Synopsis: Ebenezer Scrooge lives a dismal life without family, friends, or a love for anything but money. One Christmas Eve, he is visited by the ghost of his former business partner and then three spirits urging him to examine the state of his past, present, and future life. Based on the classic story by Charles Dickens.

Language: This production is a one-man show using the original text of Dickens' short story. The Victorian-era language may take some getting-used-to for younger audience members. The word “ass” is used in reference to a donkey. There is a lot of discussion surrounding death, including the death of the protagonist and a child.

Adult Behavior: Smoking, Drinking, and Gambling: Mention of beer, punch, and wine.

Sexual Content: None.

Violence: None.

For which audiences: Ages 10+ 

If this were a movie: It would be rated G, although because of the format and Victorian language we recommend it for ages 10 and up. View Frequently Asked Questions about this production



Synopsis: From the Pulitzer Prize-winning co-creator of In the Heights comes a new musical as big as America and as intimate as love between a mother and her daughter. Beatriz arrives in Philadelphia to convince her estranged 16 year-old daughter Olivia to join her on a road trip to California. Along the way, they encounter a mosaic of characters as diverse and weird as America itself, but the hard truth of Beatriz’s undocumented status and pending deportation to Mexico threatens to build a wall between them. With sharp comedy and a winning acoustic score by folk-rock star Erin McKeown, Miss You Like Hell is an American story for our time.

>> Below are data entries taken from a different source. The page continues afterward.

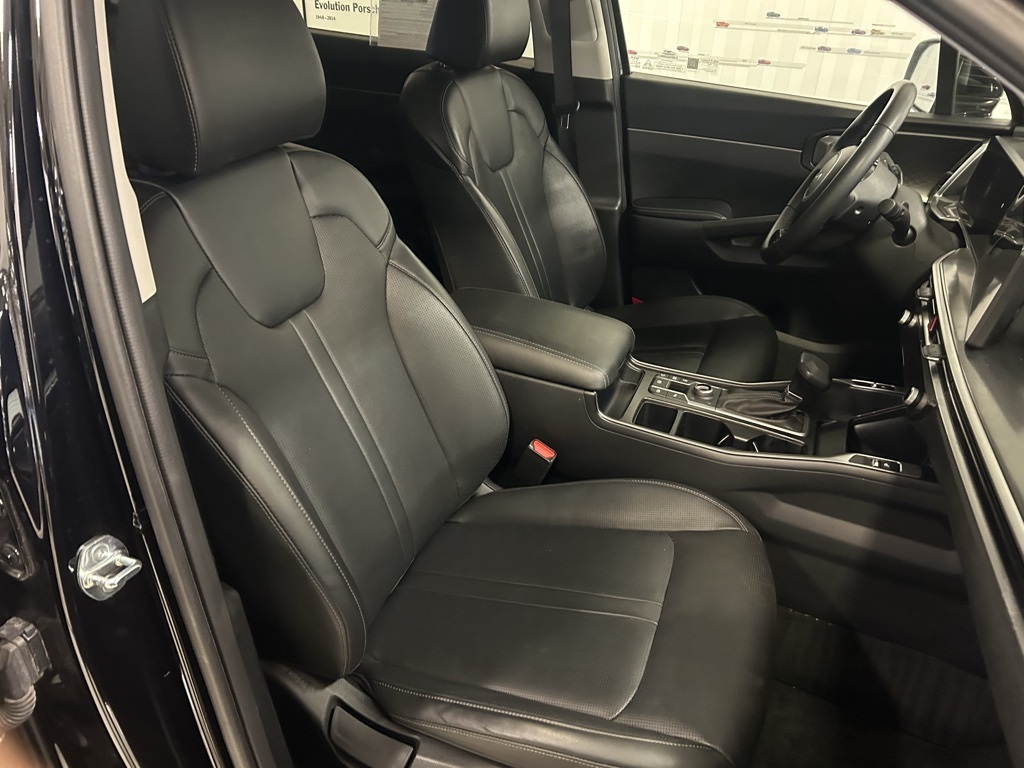 used 2024 Kia Sorento car, priced at $27,749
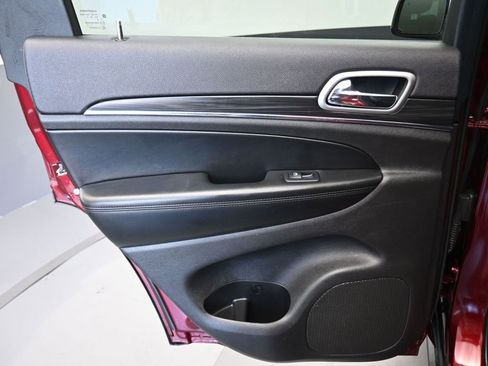 Used 2019 Jeep Grand Cherokee Limited image 30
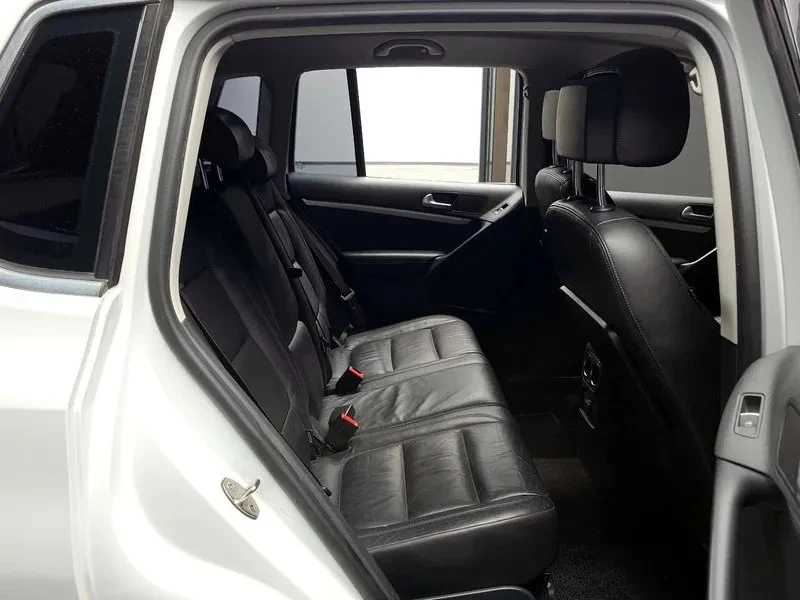 VW Tiguan 2.0 COMFORT, снимка 9 - Автомобили и джипове - 55446695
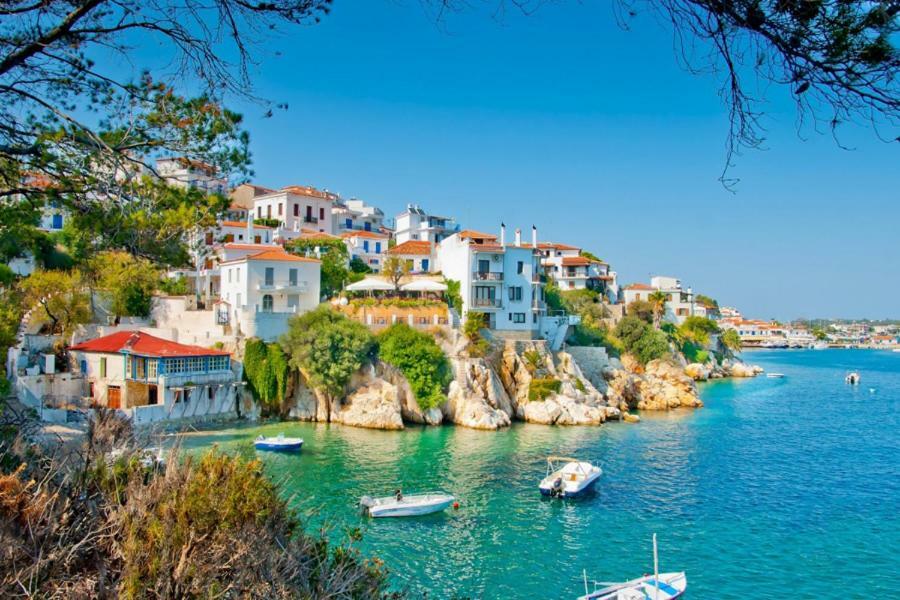 Plakes Suites Skiathos Exterior photo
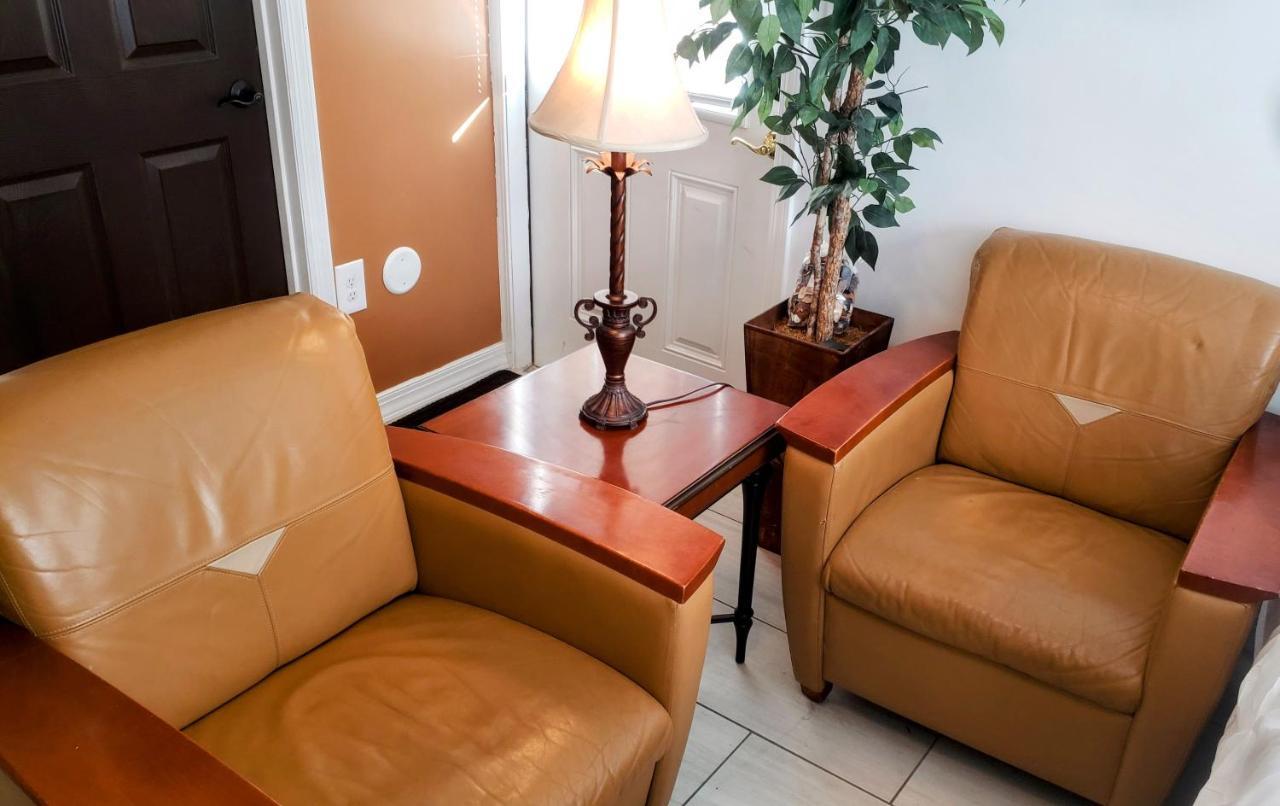 Stylish Suite Tampa Minutes To Hard Rock Casino Mango 외부 사진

Language: Use of words such as “bitches,” “hell,” “ass,” “fuck,” “shit,” “bastard,” “goddammit,”

Adult Behavior: References to smoking marijuana, alcohol use, discussion of suicidal thoughts and contemplated attempts, smoking cigarettes on stage 

Sexual Content: Discussions of sexual history and safe sex, implied sexual encounter

Violence: Hitting

For which audiences: 13+ if accompanied by parent. 16+ without parental guidance.

If this were a movie:  This show would be rated R for language.



Synopsis: A traveling troupe of actors is rehearsing a morality play about the life of Noah while simultaneously running from the Black Death as it ravages 14th Century Europe. As the troupe prepares to perform for the Duke, they hold on to the hope that if they impress the Duke, they will be named his royal players and will be granted safety from the plague inside the city walls. 

Language: Use of “Hell,” “cunt,” “fucking,” and “shit” 

Adult Behavior: Sexual content

Sexual Content: Discussion of sex, oral sex, sex education, AIDs

Violence: Lancing a boil, stillbirth on stage, death from illness, reference to burning Jewish people alive

For which audiences: 16+

If this were a movie: The show would be rated R for language and violence and sexual situations.



Synopsis: By turns hilarious and haunting, the Tony-winning play The Humans tells the story of the Blakes, a middle-class American family celebrating a most unusual Thanksgiving. This year, they gather in New York City at youngest daughter Brigid’s Chinatown apartment - a basement duplex that would feel like a bargain if not for the lack of sunlight and the sudden, unexplained, loud noises coming from upstairs. Normally they celebrate in Scranton, but the break with tradition is just one of many disruptions with which they’re forced to contend. Stephen Karam’s brilliant play delivers both the warm comfort of family and a thoroughly modern anxiety about what’s on the other side of the wall.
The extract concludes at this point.